If Caleb does have a word for us, he keeps it to himself. I remember twelve months ago being given the same treatment. Two guards escorting me down here and introducing me to what, they said, was my new family. I remember the absolute fear as few people clapped, and I got a few wolf whistles too, which, thank God, never led anywhere, and when asked to say a word I had the same response as Caleb. I’ve seen this a few times now, and nobody ever says anything. Back when I was first brought in, I didn’t know how I was going to make it through that night, let alone the months before the trial began. I mentally committed suicide about a hundred times, my mind drifting down those paths and visualizing the outcome, every time realizing nobody would really care. Maybe Melissa.
Deciding there’s no more fun to be had at Caleb’s expense, they carry on, a cell door is opened further down from me and out of my line of sight. Thirty seconds later it’s closed, this time no doubt with Caleb on the inside. Caleb Cole is a killer. He was in jail for killing, he was released, and then he killed some more. Some people just have it in them. Some people say a serial killer can’t change their spots.
The same guards who escorted Caleb to his cell now come to my cell and the door opens up. It means they’re going to take me somewhere, and I figure somewhere has to be a lot more interesting than here.

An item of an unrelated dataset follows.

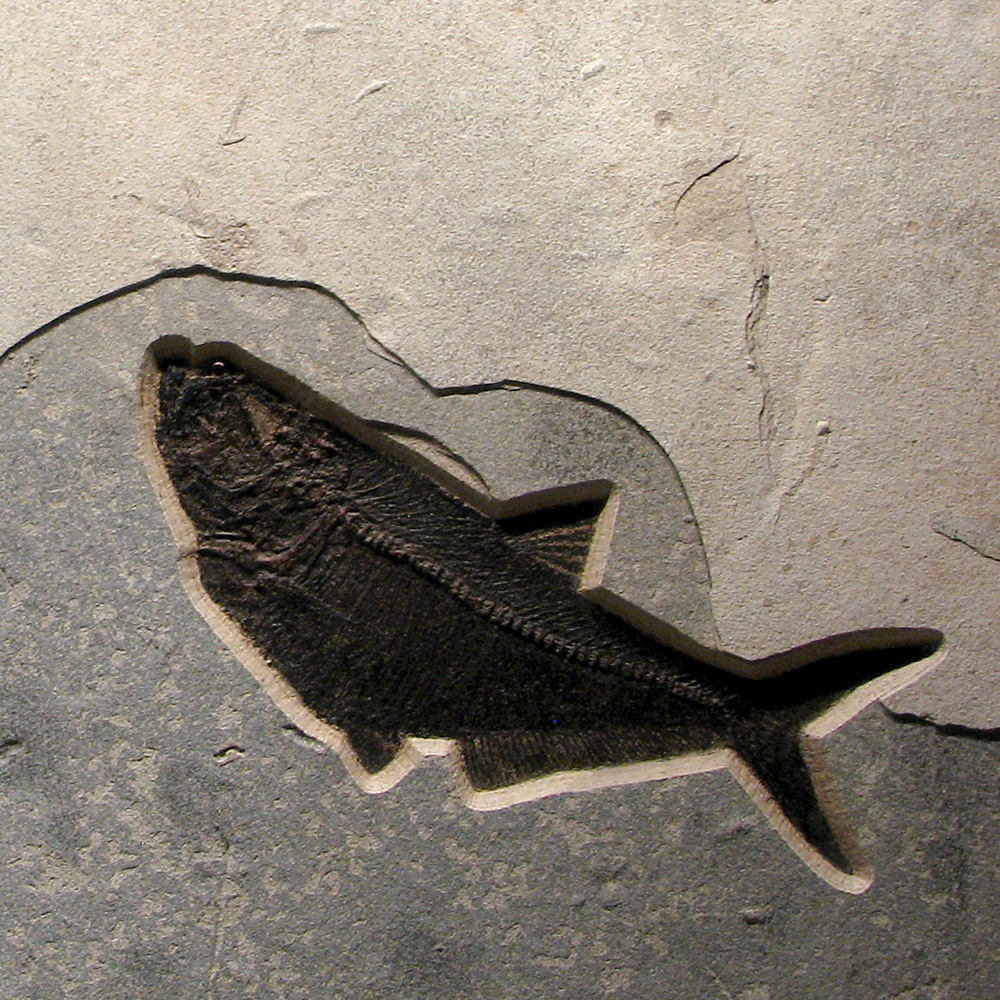 Fossil Mural 02_Q070605004cm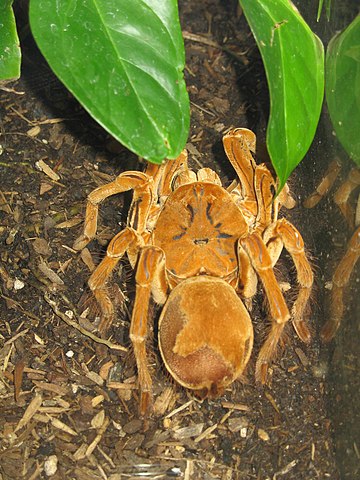 360px-Goliath_birdeater.jpg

They come into my cell.
Adam looks like one of those guys who spends two hours a day in the gym and two hours in the evening in front of a mirror watching his hard work pay off. The other guard, Glen, looks like he’s probably right there alongside Adam the entire time. I bet they get together once or twice a week to fuck each other senseless and talk about how much they hate gay guys. Adam stands in front of me, muscles bulging at his uniform, the kind of muscles that a blunt screwdriver could bounce off. Some of the guys in here have found religion since being locked behind bars. They say Jesus will provide. I look around, but Jesus doesn’t provide me with a sharp screwdriver. All He’s giving me are the same two assholes who have used those muscles He provided them to push me around almost every day since being here. Into walls. Into the floor. Into doors.
“Let’s go,” Adam says.
“Where am I going?”
He shakes his head. He looks angry. Maybe the bench press is broken. “Un-fucking believable,” he says, “but you’re going home, Joe.”
My heart skips a couple of beats and I develop some kind of tunnel vision, where the walls disappear and all I can see is Adam as he’s talking to me. But that’s not all I can see—I can see myself walk through the door of my apartment and lie down on my own bed. I see women in my future. I see other dead people too—like Adam, like Barlow, like Glen. I can’t talk. My mouth hangs open and my eyes stretch wide and I can feel a goofy smile forming and I just. Can’t. Talk.
“The charges have all been dropped,” Glen says, and his face is scrunched up like he’s been sucking on a bad piece of fruit. Or on a good piece of Adam.
“Some stupid fucking technicality,” Adam adds.
I still can’t talk. All I can do is smile.
“Let’s go,” Adam says, and he almost spits the words at me and, just like that, my prison experience is over.